Materials and methods
This experimental study was performed at Stem Cell Research Center, Faculty of Veterinary Medicine, University of Tehran between November 2015 and July 2016.
Animals and testicular biopsy
Testicular biopsies were obtained from 8 Holstein calves (4 calves were used for evaluation of colonization and 4 calves for gene expression) aged between 3 to 5 months, as previously described (21). Following testicular biopsy, samples taken from testicle were placed on ice and transferred to the laboratory within 2 hr, before they could be used for experiments.
Cell Isolation
Cell isolation was implemented using a two-step enzymatic isolation procedure as previously used by our lab (22). Briefly, the obtained testis tissue was washed three times in DMEM containing antibiotics and Fetal Bovine Serum (FBS) 10% (Sigma, USA). They were then minced into small pieces as much as possible by a sterile scissor. The minced testicular tissue was suspended in DMEM containing 1 mg/ml collagenase (Sigma-Aldrich, USA), 1 mg/ml hyaluronidase (Sigma-Aldrich, USA), 1 mg/ml trypsin (Sigma-Aldrich, USA) and 5 µg/ml DNase (Fermentas, Germany) at 37°C in a shaker incubator operated at 80 cycles per minute for approximately 60 min. After three times washing in DMEM and removal the interstitial cells, during the second step of enzymatic digestion, the seminiferous tubules were again incubated at 37°C in DMEM containing 1 mg/ml collagenase, 1 mg/ml hyaluronidase and 5 µg/ml DNase.
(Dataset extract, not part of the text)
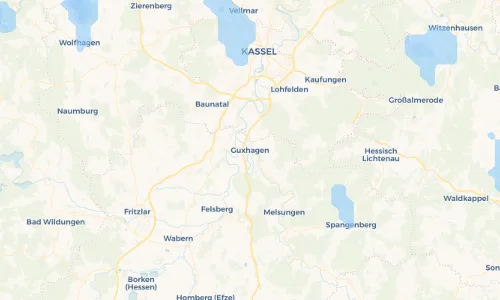 Regenradar Vorschaubild - Aktuelle Niederschläge in Guxhagen und Umgebung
In this step, seminiferous tubules were deconstructed and their cells were separated. Finally, obtained cellular suspension was centrifuged at 30×g for 2 min to achieve population individual cells. Following filtration through 77 and 55 mm nylon filters, the cells were pelleted. The pellet was re-suspended in DMEM containing antibiotics and 10% fetal bovine serum (FBS).
Cell culture
Cell culture for colonization and gene expression were conducted as the procedure which was previously used by our lab (23). To assess colonization and gene expression 24-well and 6-well plates (TPP, Switzerland) were used, respectively. To evaluate the gene expression and colonization, cells were seeded at the concentrations of 10*105 and 3*104 per well contacting DMEM, respectively.
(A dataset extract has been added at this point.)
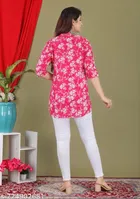 Rayon Three Quarter Sleeves Top for Women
The plates were incubated at 37oC in the presence of 5% CO2 for 15 days. DMEM (Sigma-Aldrich, St. Louis, MO, USA) containing 10% FBS, 4 mM L-glutamine, 0.1 mM non-essential amino acids, 100 IU/mL penicillin and 100 mg/mL streptomycin was used for culturing cells. The cells were cultured in two groups including group1 (Control) and group2 (FSH 30 IU/ml). Culture medium together with the FSH was refreshed every 3 days.
Cells identification
Vimentin is a cytoskeleton protein in Sertoli cell cytoplasm. At day 6 of culture, for Sertoli cells identification, Vimentin was stained, as described by Anway et al and Tajik et al (24, 25) and the specific marker Oct-4 was assessed in colonies of SSCs by the method proposed by Kubota et al (9).
Colony assay
Four cell populations from different calves were used for evaluation of colony formation. The colonization of SSCs in the control and FSH groups was assessed using an inverted microscope (IX71, Olympus, Japan).
Gene expression assessment (qRT-PCR)
Expression of the considered genes was assessed in the days 0, 6 and 12. Following trypsinization of the cultured cells (n=4 cell population from different calves), total RNA existing in the cells was extracted using Trizol reagent (Fermentas, Germany). In order to eliminate contamination of DNA, the extracted RNA was treated by DNase І (Fermentas, Germany). The concentration of the extracted RNA was determined by using spectrophotometry (Eppendorff, Germany). cDNAs were built by using 500ng RNA extracted and oligo-primers and cDNA synthesis kit (Fermentas, Germany).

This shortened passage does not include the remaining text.